**What is expected:** In the data below, begin at the line with "Stand upright with" and stop after the line with "Hi, this is"; output those lines exactly and no pictures.

**Task material:**
--- START ---
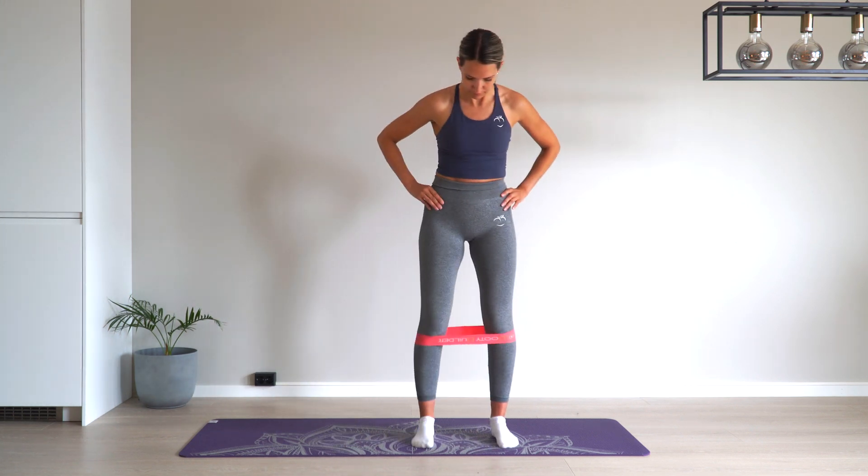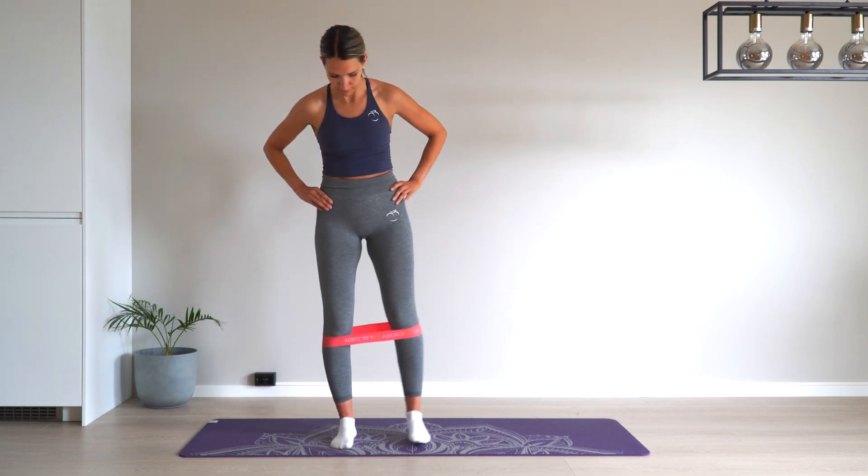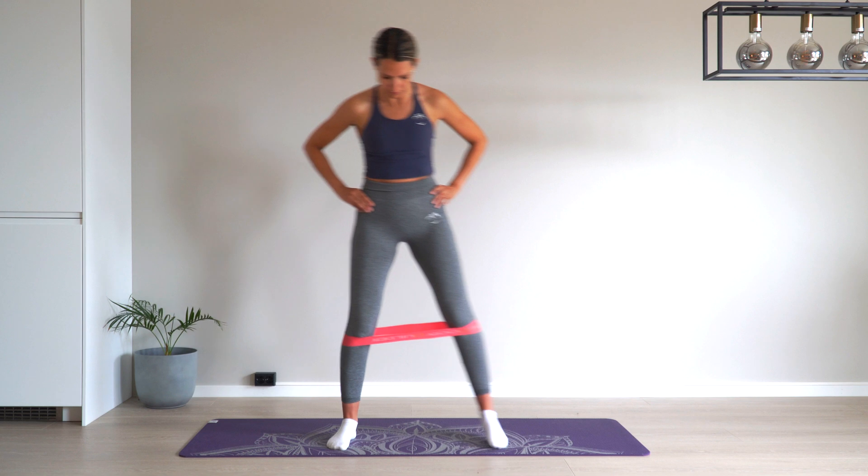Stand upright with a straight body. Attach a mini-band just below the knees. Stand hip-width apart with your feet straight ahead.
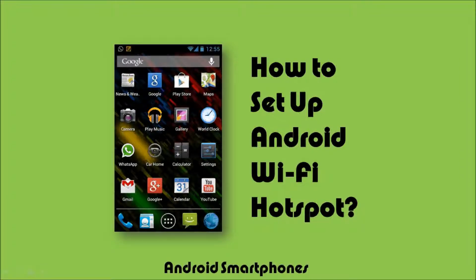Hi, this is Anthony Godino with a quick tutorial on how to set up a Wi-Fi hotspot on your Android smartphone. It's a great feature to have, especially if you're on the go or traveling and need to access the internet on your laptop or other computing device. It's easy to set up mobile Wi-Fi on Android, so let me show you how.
--- END ---
--- START ---
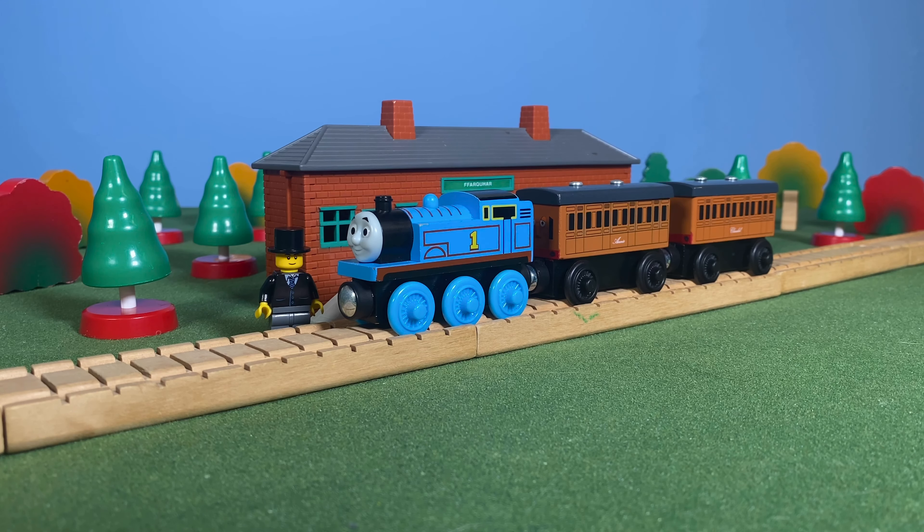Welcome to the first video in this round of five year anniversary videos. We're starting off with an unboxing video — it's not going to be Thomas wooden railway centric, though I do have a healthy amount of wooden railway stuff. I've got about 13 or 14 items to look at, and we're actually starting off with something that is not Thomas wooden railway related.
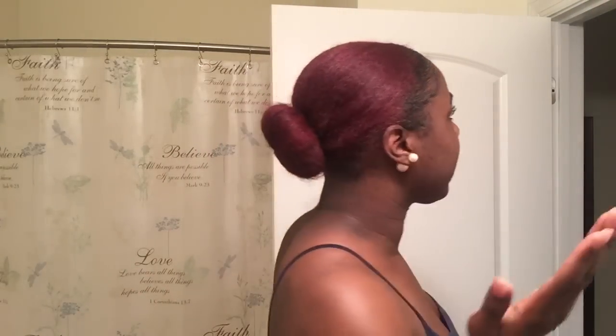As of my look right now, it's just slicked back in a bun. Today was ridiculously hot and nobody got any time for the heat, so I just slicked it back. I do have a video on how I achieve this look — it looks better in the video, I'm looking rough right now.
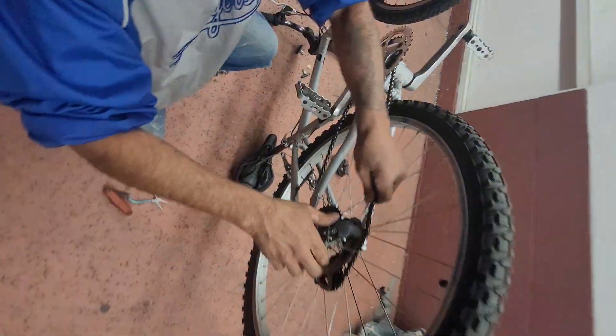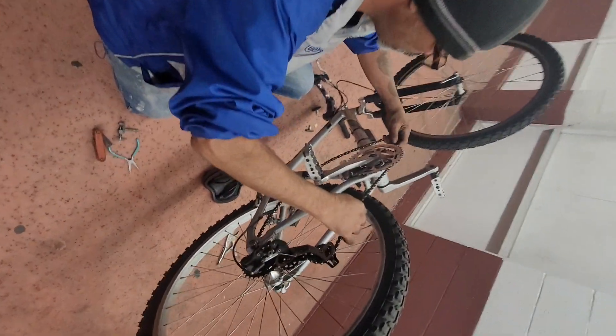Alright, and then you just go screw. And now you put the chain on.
--- END ---
--- START ---
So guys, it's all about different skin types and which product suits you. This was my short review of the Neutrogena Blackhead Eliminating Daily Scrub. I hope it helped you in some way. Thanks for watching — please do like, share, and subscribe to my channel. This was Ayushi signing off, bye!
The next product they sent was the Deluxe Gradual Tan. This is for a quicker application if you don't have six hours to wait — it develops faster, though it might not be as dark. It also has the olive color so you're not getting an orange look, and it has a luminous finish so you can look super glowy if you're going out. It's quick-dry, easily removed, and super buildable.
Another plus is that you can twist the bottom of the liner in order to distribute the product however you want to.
--- END ---
**Completed task:**
Stand upright with a straight body. Attach a mini-band just below the knees. Stand hip-width apart with your feet straight ahead.
Hi, this is Anthony Godino with a quick tutorial on how to set up a Wi-Fi hotspot on your Android smartphone. It's a great feature to have, especially if you're on the go or traveling and need to access the internet on your laptop or other computing device. It's easy to set up mobile Wi-Fi on Android, so let me show you how.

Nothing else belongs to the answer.